_Exercise_
Print every record below exactly as written.

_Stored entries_
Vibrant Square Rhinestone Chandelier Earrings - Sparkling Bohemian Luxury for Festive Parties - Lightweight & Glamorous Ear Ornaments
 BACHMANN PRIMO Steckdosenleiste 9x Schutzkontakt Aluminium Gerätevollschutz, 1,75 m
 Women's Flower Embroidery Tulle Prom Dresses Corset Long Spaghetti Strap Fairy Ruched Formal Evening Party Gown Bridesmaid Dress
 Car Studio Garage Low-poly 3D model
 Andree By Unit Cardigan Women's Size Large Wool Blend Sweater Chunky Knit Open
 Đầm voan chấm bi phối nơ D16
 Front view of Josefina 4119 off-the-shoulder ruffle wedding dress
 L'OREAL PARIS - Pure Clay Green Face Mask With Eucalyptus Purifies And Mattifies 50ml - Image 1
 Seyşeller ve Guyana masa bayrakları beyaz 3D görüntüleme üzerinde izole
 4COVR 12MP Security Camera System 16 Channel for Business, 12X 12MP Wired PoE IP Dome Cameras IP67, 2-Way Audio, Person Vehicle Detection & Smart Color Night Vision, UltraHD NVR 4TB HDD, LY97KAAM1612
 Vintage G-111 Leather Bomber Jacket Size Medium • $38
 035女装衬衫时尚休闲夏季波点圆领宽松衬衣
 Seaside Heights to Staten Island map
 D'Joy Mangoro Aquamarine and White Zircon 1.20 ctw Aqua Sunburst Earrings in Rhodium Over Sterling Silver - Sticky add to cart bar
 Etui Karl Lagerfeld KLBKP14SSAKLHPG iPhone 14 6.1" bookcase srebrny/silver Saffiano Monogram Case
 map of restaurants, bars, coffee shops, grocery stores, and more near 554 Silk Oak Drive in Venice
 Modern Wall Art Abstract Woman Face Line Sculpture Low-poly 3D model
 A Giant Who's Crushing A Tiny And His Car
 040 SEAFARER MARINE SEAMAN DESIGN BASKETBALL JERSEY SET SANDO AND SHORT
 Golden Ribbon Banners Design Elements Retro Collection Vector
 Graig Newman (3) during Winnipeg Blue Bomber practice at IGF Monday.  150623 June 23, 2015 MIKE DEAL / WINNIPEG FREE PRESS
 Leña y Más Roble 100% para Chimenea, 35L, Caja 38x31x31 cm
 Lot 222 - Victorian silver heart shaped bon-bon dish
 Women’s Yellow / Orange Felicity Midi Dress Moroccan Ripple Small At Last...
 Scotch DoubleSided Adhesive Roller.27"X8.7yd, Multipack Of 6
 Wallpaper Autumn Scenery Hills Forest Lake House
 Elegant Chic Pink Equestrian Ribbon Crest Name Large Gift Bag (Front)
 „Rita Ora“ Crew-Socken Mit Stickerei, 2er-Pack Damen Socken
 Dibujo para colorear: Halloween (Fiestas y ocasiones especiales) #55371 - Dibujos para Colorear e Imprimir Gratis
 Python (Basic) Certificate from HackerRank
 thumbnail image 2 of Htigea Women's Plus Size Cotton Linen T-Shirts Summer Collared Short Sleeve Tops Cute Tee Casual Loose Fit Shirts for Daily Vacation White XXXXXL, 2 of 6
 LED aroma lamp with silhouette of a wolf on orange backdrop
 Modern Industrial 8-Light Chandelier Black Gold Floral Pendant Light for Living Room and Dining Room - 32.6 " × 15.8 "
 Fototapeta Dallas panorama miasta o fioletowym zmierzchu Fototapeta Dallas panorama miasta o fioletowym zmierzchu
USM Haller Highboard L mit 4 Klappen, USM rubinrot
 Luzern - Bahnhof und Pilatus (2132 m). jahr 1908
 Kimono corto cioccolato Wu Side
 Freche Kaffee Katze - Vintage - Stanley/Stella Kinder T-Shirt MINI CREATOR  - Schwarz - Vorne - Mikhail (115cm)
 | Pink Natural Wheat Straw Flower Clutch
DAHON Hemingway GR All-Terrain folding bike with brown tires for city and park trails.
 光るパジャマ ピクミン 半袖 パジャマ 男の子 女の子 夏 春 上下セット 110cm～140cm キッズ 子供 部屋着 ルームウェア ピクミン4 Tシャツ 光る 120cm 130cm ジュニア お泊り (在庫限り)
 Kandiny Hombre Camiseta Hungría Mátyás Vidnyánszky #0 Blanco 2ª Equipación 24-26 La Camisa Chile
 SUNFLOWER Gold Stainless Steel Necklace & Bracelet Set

_Result for this task_
Vibrant Square Rhinestone Chandelier Earrings - Sparkling Bohemian Luxury for Festive Parties - Lightweight & Glamorous Ear Ornaments
 BACHMANN PRIMO Steckdosenleiste 9x Schutzkontakt Aluminium Gerätevollschutz, 1,75 m
 Women's Flower Embroidery Tulle Prom Dresses Corset Long Spaghetti Strap Fairy Ruched Formal Evening Party Gown Bridesmaid Dress
 Car Studio Garage Low-poly 3D model
 Andree By Unit Cardigan Women's Size Large Wool Blend Sweater Chunky Knit Open
 Đầm voan chấm bi phối nơ D16
 Front view of Josefina 4119 off-the-shoulder ruffle wedding dress
 L'OREAL PARIS - Pure Clay Green Face Mask With Eucalyptus Purifies And Mattifies 50ml - Image 1
 Seyşeller ve Guyana masa bayrakları beyaz 3D görüntüleme üzerinde izole
 4COVR 12MP Security Camera System 16 Channel for Business, 12X 12MP Wired PoE IP Dome Cameras IP67, 2-Way Audio, Person Vehicle Detection & Smart Color Night Vision, UltraHD NVR 4TB HDD, LY97KAAM1612
 Vintage G-111 Leather Bomber Jacket Size Medium • $38
 035女装衬衫时尚休闲夏季波点圆领宽松衬衣
 Seaside Heights to Staten Island map
 D'Joy Mangoro Aquamarine and White Zircon 1.20 ctw Aqua Sunburst Earrings in Rhodium Over Sterling Silver - Sticky add to cart bar
 Etui Karl Lagerfeld KLBKP14SSAKLHPG iPhone 14 6.1" bookcase srebrny/silver Saffiano Monogram Case
 map of restaurants, bars, coffee shops, grocery stores, and more near 554 Silk Oak Drive in Venice
 Modern Wall Art Abstract Woman Face Line Sculpture Low-poly 3D model
 A Giant Who's Crushing A Tiny And His Car
 040 SEAFARER MARINE SEAMAN DESIGN BASKETBALL JERSEY SET SANDO AND SHORT
 Golden Ribbon Banners Design Elements Retro Collection Vector
 Graig Newman (3) during Winnipeg Blue Bomber practice at IGF Monday.  150623 June 23, 2015 MIKE DEAL / WINNIPEG FREE PRESS
 Leña y Más Roble 100% para Chimenea, 35L, Caja 38x31x31 cm
 Lot 222 - Victorian silver heart shaped bon-bon dish
 Women’s Yellow / Orange Felicity Midi Dress Moroccan Ripple Small At Last...
 Scotch DoubleSided Adhesive Roller.27"X8.7yd, Multipack Of 6
 Wallpaper Autumn Scenery Hills Forest Lake House
 Elegant Chic Pink Equestrian Ribbon Crest Name Large Gift Bag (Front)
 „Rita Ora“ Crew-Socken Mit Stickerei, 2er-Pack Damen Socken
 Dibujo para colorear: Halloween (Fiestas y ocasiones especiales) #55371 - Dibujos para Colorear e Imprimir Gratis
 Python (Basic) Certificate from HackerRank
 thumbnail image 2 of Htigea Women's Plus Size Cotton Linen T-Shirts Summer Collared Short Sleeve Tops Cute Tee Casual Loose Fit Shirts for Daily Vacation White XXXXXL, 2 of 6
 LED aroma lamp with silhouette of a wolf on orange backdrop
 Modern Industrial 8-Light Chandelier Black Gold Floral Pendant Light for Living Room and Dining Room - 32.6 " × 15.8 "
 Fototapeta Dallas panorama miasta o fioletowym zmierzchu Fototapeta Dallas panorama miasta o fioletowym zmierzchu
USM Haller Highboard L mit 4 Klappen, USM rubinrot
 Luzern - Bahnhof und Pilatus (2132 m). jahr 1908
 Kimono corto cioccolato Wu Side
 Freche Kaffee Katze - Vintage - Stanley/Stella Kinder T-Shirt MINI CREATOR  - Schwarz - Vorne - Mikhail (115cm)
 | Pink Natural Wheat Straw Flower Clutch
DAHON Hemingway GR All-Terrain folding bike with brown tires for city and park trails.
 光るパジャマ ピクミン 半袖 パジャマ 男の子 女の子 夏 春 上下セット 110cm～140cm キッズ 子供 部屋着 ルームウェア ピクミン4 Tシャツ 光る 120cm 130cm ジュニア お泊り (在庫限り)
 Kandiny Hombre Camiseta Hungría Mátyás Vidnyánszky #0 Blanco 2ª Equipación 24-26 La Camisa Chile
 SUNFLOWER Gold Stainless Steel Necklace & Bracelet Set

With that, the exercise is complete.